Thread: One of the biggest issues in AI today is a lack of care in choosing supervision signals for learning. This is one of the more extreme examples but I think it highlights something fundamentally wrong in the way we frame AI problems. https://twitter.com/katyanna_q/status/1278410099711569923
In this case, researchers wanted to use learning methods and they knew two things: 1) learning methods often need lots of data; and 2) it was prohibitively expensive to generate a labeled dataset with 80 million images.
As a result, they implemented an automatic labeling system that provided some truly objectionable labels (see the piece from the original tweet for details).
The system was trained from historical data and learned to replicate previous hiring biases against women.

I understand this as the result of similar pressures: 1) they needed a large dataset of examples to learn effectively; and 2) manually labeling that dataset is expensive.
IMO the labels you want here are labels of “according to our current corporate goals, this is someone we should or should not interview.”

The labels you have are “in the past, these are the people we did or did not interview/hire.”

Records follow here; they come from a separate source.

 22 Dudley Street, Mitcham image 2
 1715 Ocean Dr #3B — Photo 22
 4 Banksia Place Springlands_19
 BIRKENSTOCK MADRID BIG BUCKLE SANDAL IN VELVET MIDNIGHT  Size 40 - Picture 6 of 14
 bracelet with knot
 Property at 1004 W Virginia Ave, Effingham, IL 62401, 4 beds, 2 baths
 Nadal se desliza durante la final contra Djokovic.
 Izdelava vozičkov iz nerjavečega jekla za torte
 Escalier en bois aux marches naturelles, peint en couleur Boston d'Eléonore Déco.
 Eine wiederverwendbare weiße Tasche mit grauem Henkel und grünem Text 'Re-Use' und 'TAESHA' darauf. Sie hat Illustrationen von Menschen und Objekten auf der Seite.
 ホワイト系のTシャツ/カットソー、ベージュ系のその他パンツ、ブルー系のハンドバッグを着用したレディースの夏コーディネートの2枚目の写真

@math_rachel has a great thread that covers several examples of incorrect proxies in AI and their consequences: https://twitter.com/math_rachel/status/1176606580264951810
I was first exposed to this idea in a Economics course on incentives my senior year of undergrad when we covered what remains my favorite paper title of all time: “On the folly of rewarding A and hoping for B” ( https://www.ou.edu/russell/UGcomp/Kerr.pdf)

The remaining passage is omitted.